Wednesday, June 14, 2017

Observations on the Virginia Primary Election

Yesterday, as you may recall, we had our primary election here in Virginia, where voters went to the polls to elect the candidates who will represent their parties in the November general election for Governor and Lieutenant Governor. As I did for last November's presidential election††, I worked at my local precinct as a volunteer Election Official, which gave me the opportunity to make my own observations on our political processes and what they meant at the local level. Here are my take-aways from yesterday's experience:

* Because it was a primary election, the turnout was relatively light. The precinct at which I worked has 3150 registered voters; when the polls closed at 7:00 PM (after opening at 6:00 AM), 432 people had voted - about a 14% turnout rate.

* Virginia has an "open primary" system, in which voters may vote for either party, but may select only one. Essentially, there were two parallel elections: one for the Republican and one for the Democratic gubernatorial candidates, with separate ballots. As election officials, we were required to be totally non-partisan, to the point where we were told to ask voters, "In which primary do you wish to vote?" rather than asking if they wanted a "Republican" or a "Democratic" ballot ... this was meant to avoid any hint that we might favor one party or the other. Oddly enough, this language caused some confusion for many voters, who just thought of the election simply as a single "primary," and did not expect to have to choose a party ballot.

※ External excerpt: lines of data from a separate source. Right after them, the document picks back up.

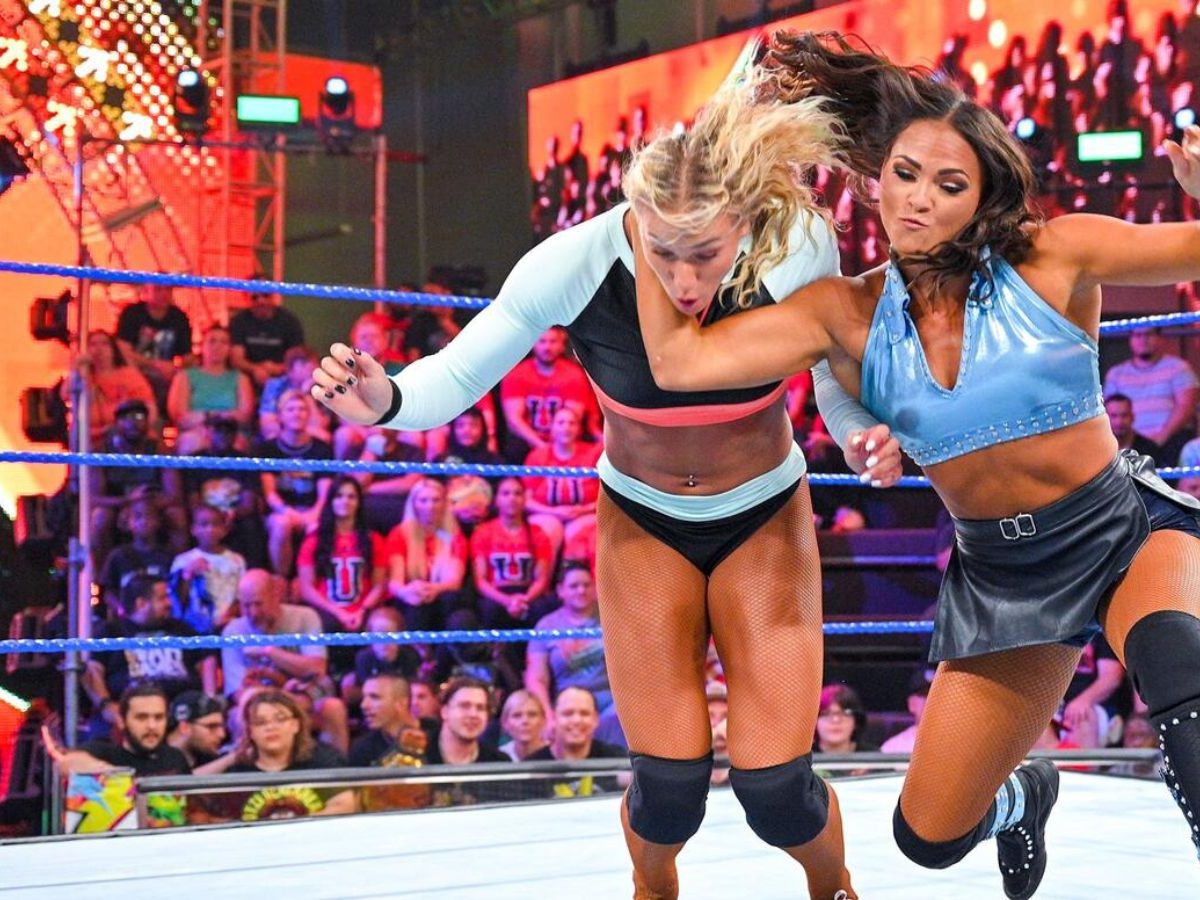 Kiana James Faces Shocking Wardrobe Malfunction At The WWE Elimination Chamber 2026 | Wwe News - News18 Kiana James Faces Shocking Wardrobe Malfunction At The WWE Elimination Chamber 2026 | Wwe News - News18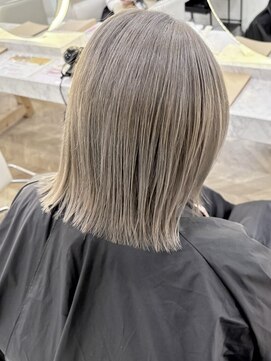 リアン 上尾店(Rien) 韓国風 レイヤーカット[ホワイトベージュライトブルー]上尾/韓国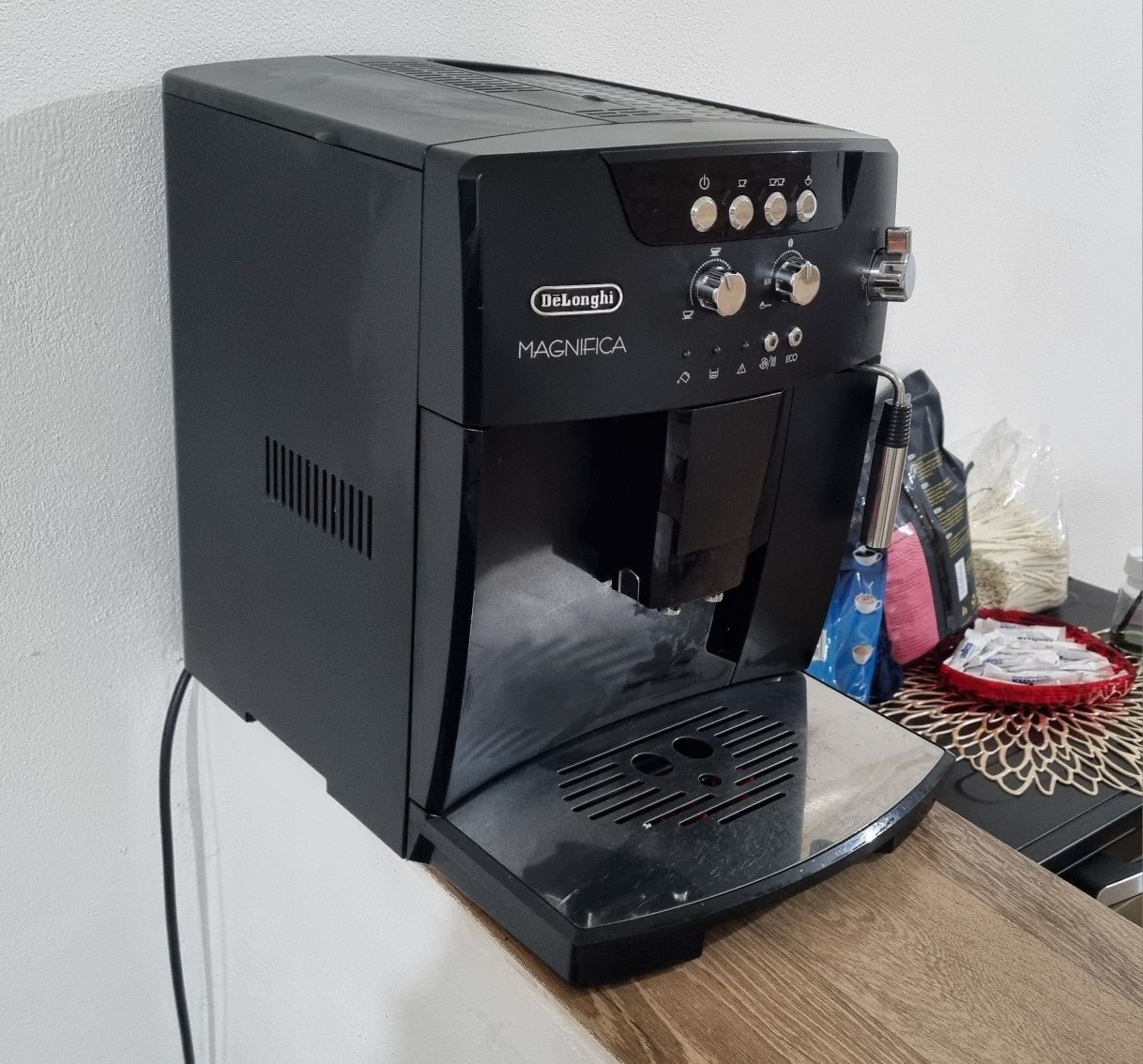 Expresor De Longhi Magnifica eco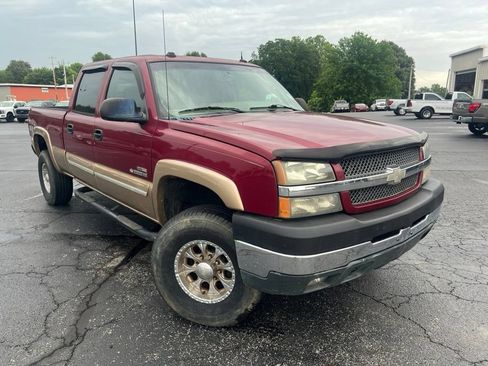 Used 2004 Chevrolet Silverado 2500 LT w/ Skid Plate Package AWD/4WD image 1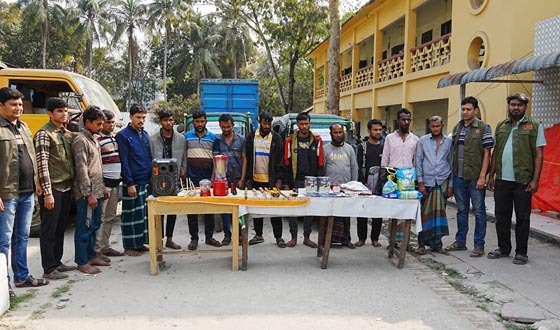 কুমিল্লায় অস্ত্র ও নগদ টাকা, মোবাইল, স্বর্ণালংকার, ২টি সিএনজিসহ আটক ১২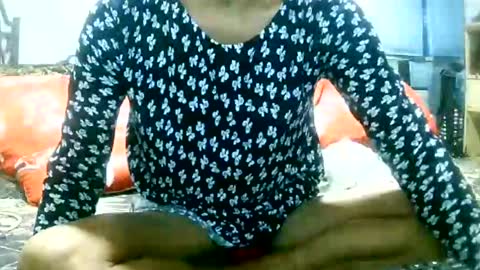 Snapshot of encantadats chatting on 11.09.25 CHUN LY online show from 11.09.25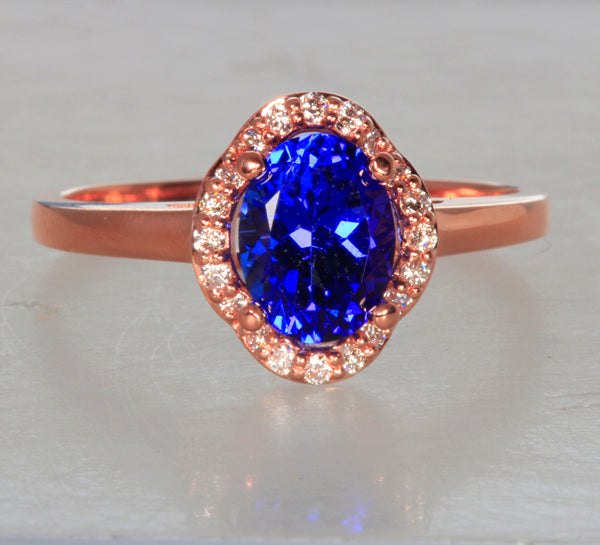 Rose Gold Ring With Exceptional Plus Oval Tanzanite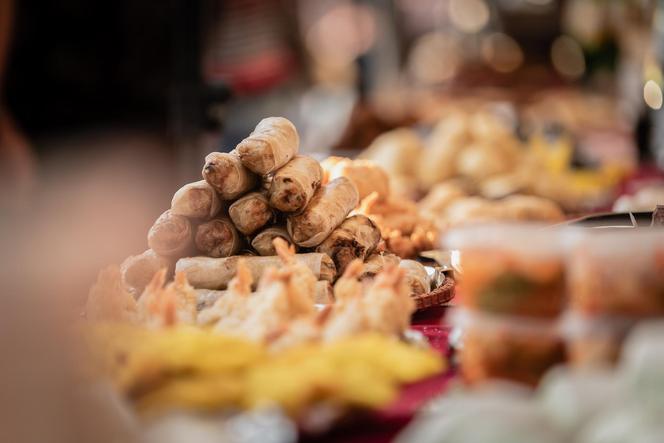 Kulinarna uczta w Fabryce Pełnej Życia. Weekend pod znakiem Festiwalu Smaków Świata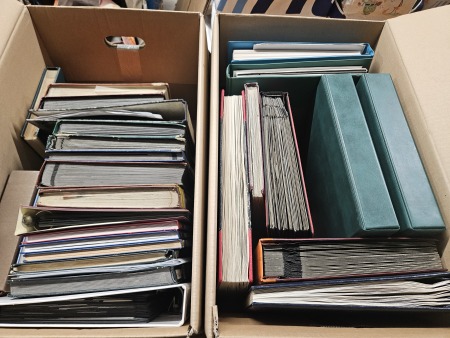 1892-2009, Collections et accumulation de COLONIES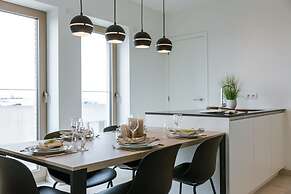 Modern Apartment With Sunny and Large Terrace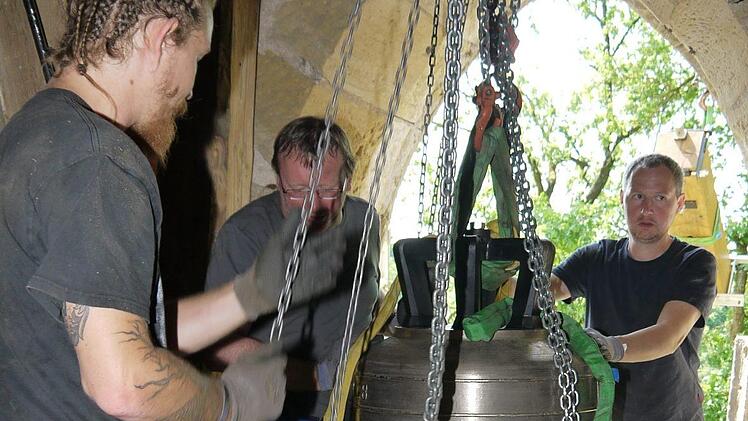 Impression vom Einbau der neuen Kirchenglocken in Gleußen.Berthold Köhler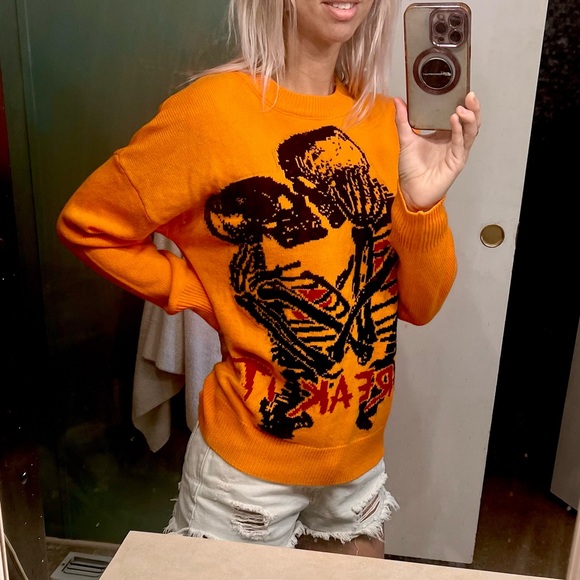 SHEIN Coolane Skeleton & Letter Pattern Sweater - Picture 4 of 7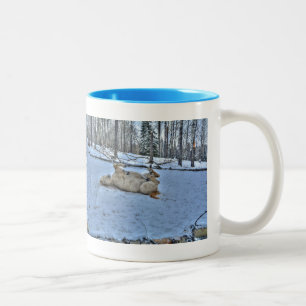Weißes Pferd im Winterschnee Zweifarbige Tasse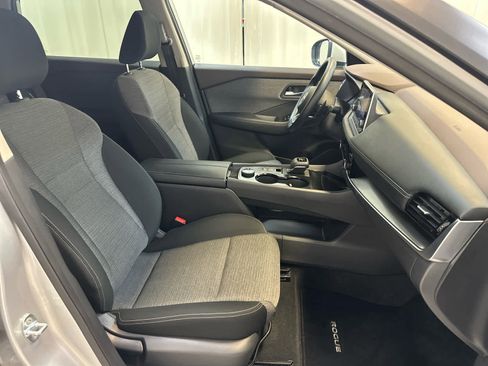 Certified 2022 Nissan Rogue SV image 13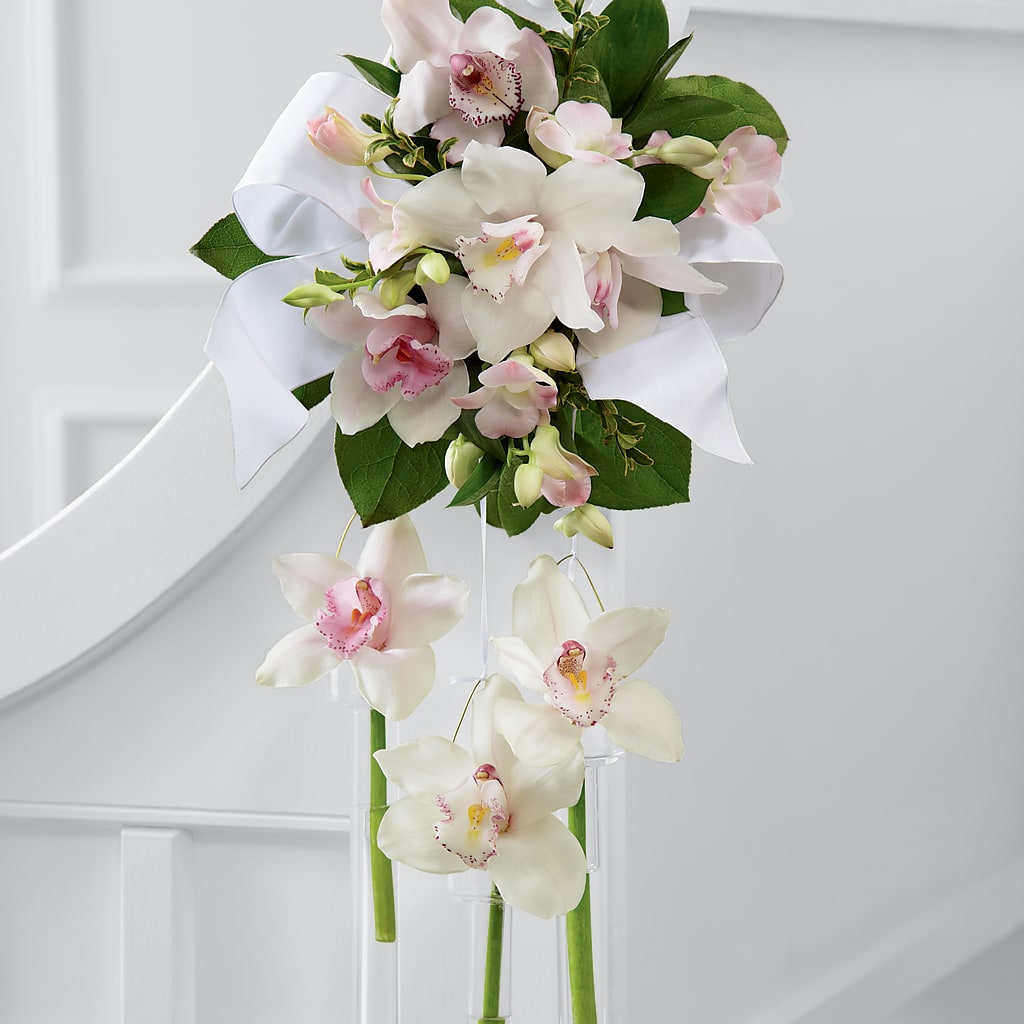 Perfect Entrance Pew Arrangement – HELEN'S FLORAL SHOPPE, Phillipsburg NJ
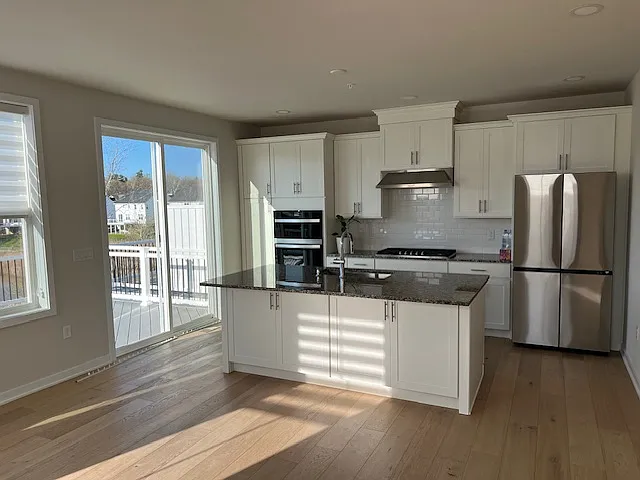 702 Juniper Ct — Photo 7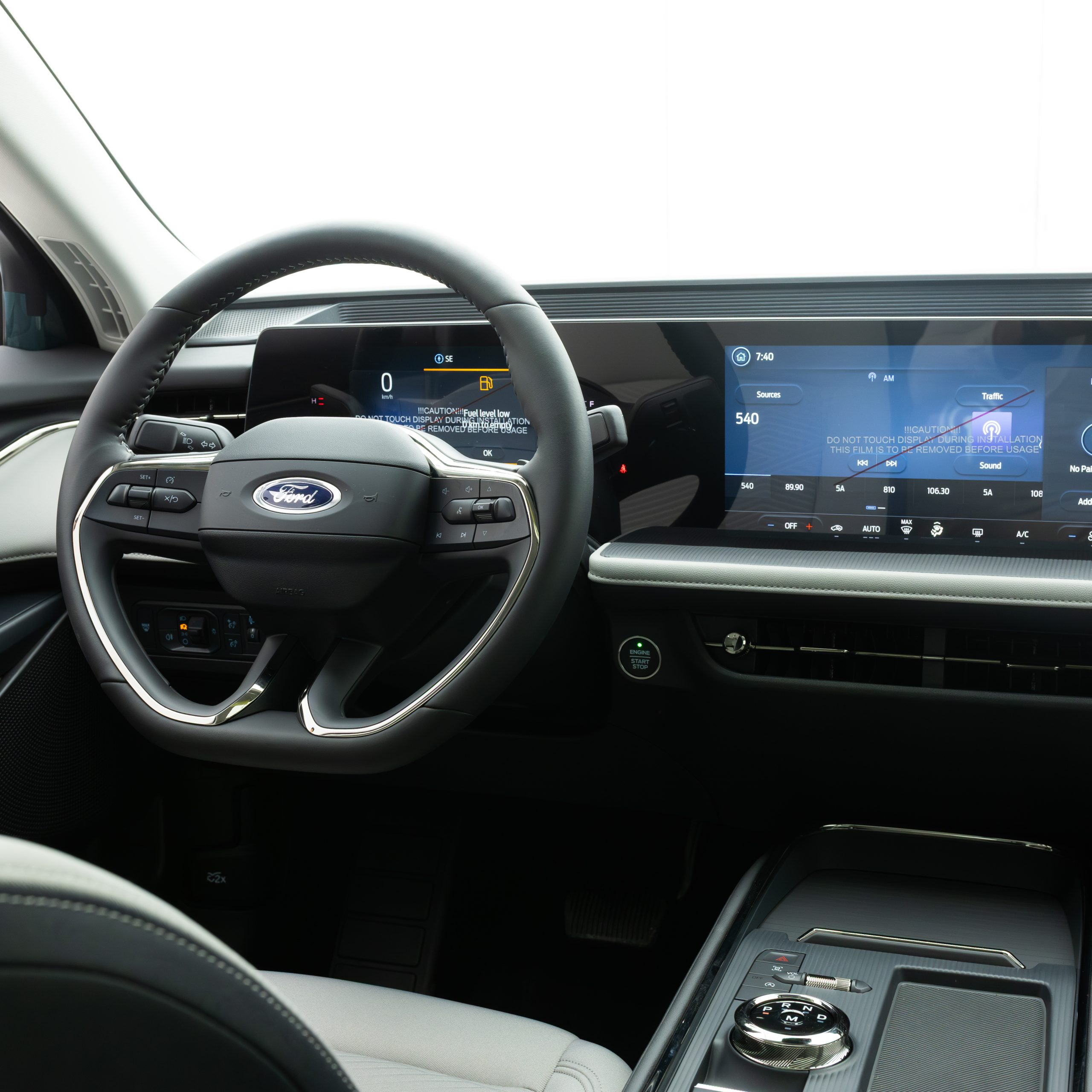 فورد – تورس امبيانتي – 2000 سي سي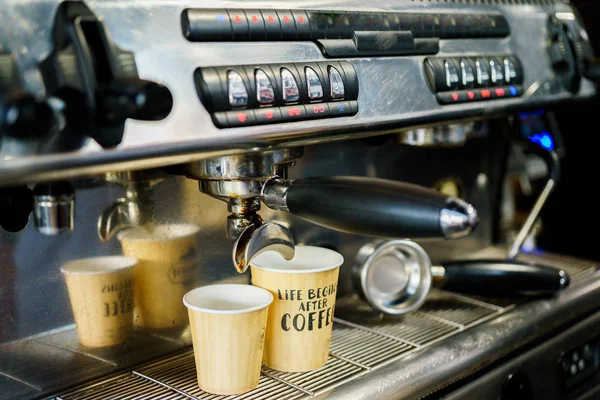 Koffie wordt bereid in een koffiezetapparaat — Stockfoto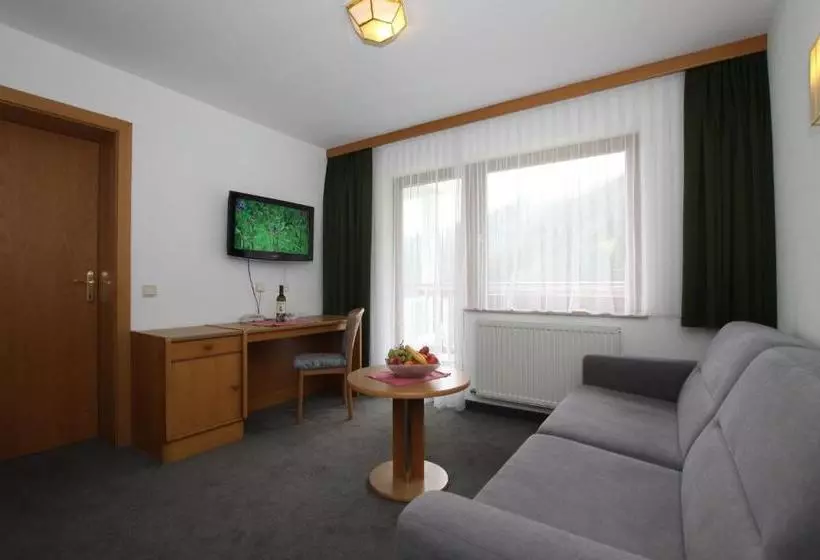 Отель Bärolina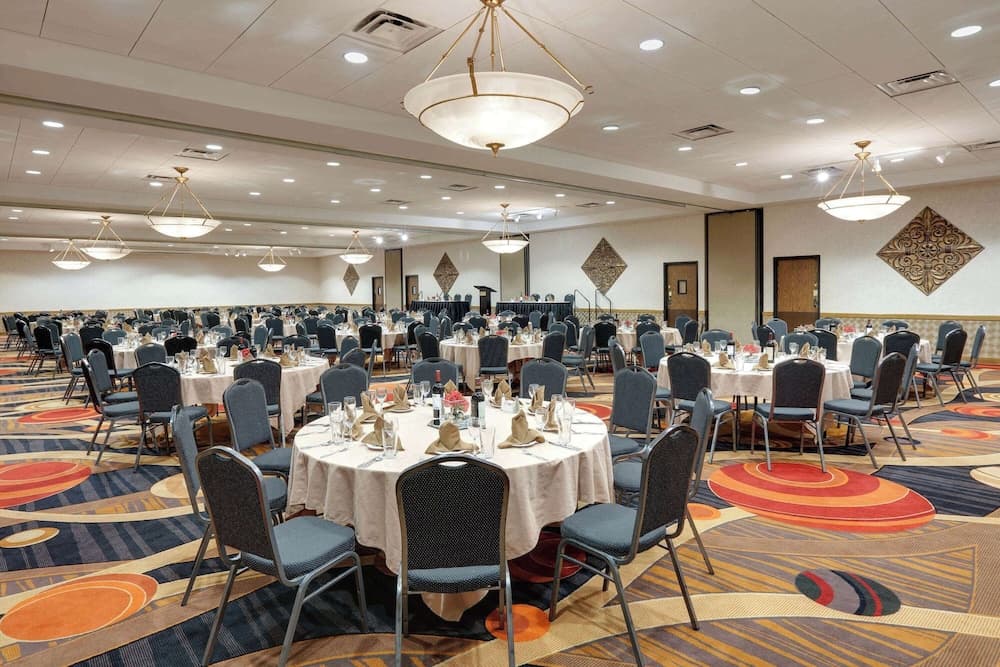 Wyndham Riverfront Hotel gallery photo in Little Rock, AR — image 33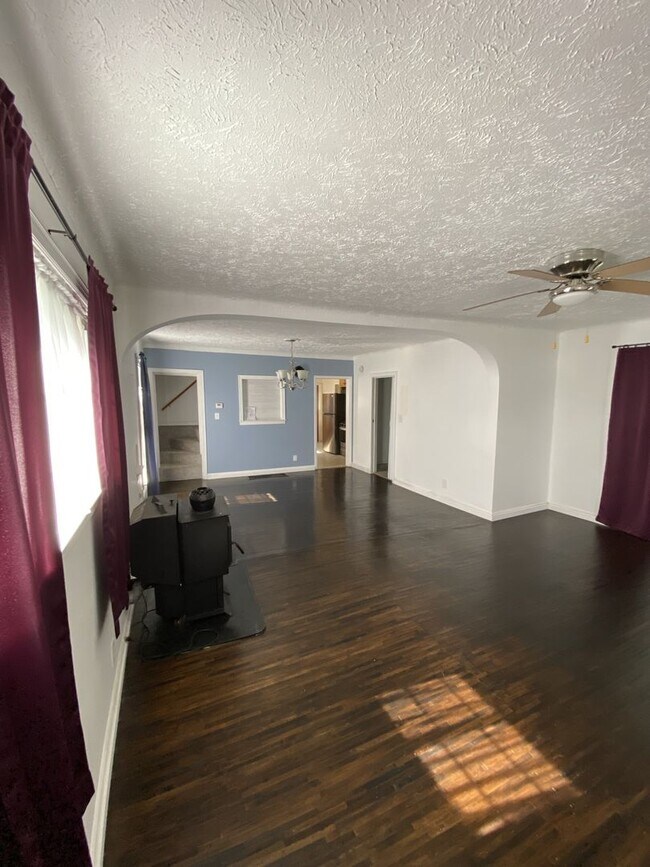 Building Photo - CENTRALLY LOCATED THREE BEDROOM HOUSE IN H...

A few people objected to having to indicate by their choice whether they were voting Republican or Democratic. Sometimes, you just can't win.

* We rotated among various jobs during the 13-hour voting day, taking turns greeting voters at the door, checking them in with our electronic poll books, passing out blank ballots, operating the optical scanner, etc. I preferred greeting voters at the door and checking them in, which gave more opportunities to be sociable.

* At the risk of generalizing from a small sample, of the 432 ballots requested by voters in our precinct, about 112 were for Republicans and the remainder for Democrats, indicating a much more robust turnout by Democratic voters.

* As in November, there was absolutely no evidence of voter fraud, at least at our precinct. Every voter had proper identification, and none were shown in the official records of having voted more than once (for instance, had requested an absentee ballot and then tried to vote in person).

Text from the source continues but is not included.